Wiem jak jest. Nawet gdyby nie było refundacji podchodziłabym za swoje. Te 6 komórek było obliczone tak żeby była szansa na ciążę a jednocześnie żeby nie produkować dużo zarodków. Przeraziło mnie to że jak z 6 komórek odmrożą się poprawnie 3 to może nie być ani jednego zarodka. Ale... Może rzeczywiście za bardzo się martwię na zapas. Mam psychologa za miesiąc i jak da zielone światło to od razu mamy kwalifikacje, pobierają wymazy, wirusy itp I od razu działamy. Lekarz zapewnił ze w banku mają duży wybór więc na pewno dopasują komórkiWinWin nie boj sie na zapas, masz szanse i wszystkie trzymamy kciuki, zeby Ci się udalo!! Rozumiem, ze masz slabe doswiadczenia, wydalas juz kupe kasy, naczekalas sie na refundowanie i teraz się boisz.

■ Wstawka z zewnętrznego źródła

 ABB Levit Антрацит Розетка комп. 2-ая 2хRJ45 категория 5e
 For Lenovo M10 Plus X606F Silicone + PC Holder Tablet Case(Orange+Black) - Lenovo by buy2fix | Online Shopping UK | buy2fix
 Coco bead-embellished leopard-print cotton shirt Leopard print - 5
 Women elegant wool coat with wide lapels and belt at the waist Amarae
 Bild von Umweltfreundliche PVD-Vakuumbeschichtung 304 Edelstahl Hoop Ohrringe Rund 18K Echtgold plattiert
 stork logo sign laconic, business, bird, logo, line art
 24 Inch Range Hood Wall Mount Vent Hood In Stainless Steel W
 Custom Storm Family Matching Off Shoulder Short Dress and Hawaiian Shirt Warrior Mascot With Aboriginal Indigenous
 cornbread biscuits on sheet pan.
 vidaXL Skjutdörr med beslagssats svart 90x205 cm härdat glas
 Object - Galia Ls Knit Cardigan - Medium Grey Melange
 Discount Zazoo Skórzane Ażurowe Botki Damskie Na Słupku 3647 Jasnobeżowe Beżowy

Z drugiej strony jakies limity musialy zostać wprowadzone, nie mnie oceniac czy są dobre czy nie, jà żałuję ze nie mialam szansy z nich skorzystac, 10 transferów z wlasnej kieszeni zezarlo mi wszystko, na co latami pracowalam.
Masz jakies terminy podane kiedy dzialacie??? Czy poza psychologiem musisz jeszcze miec jakies konsultacje?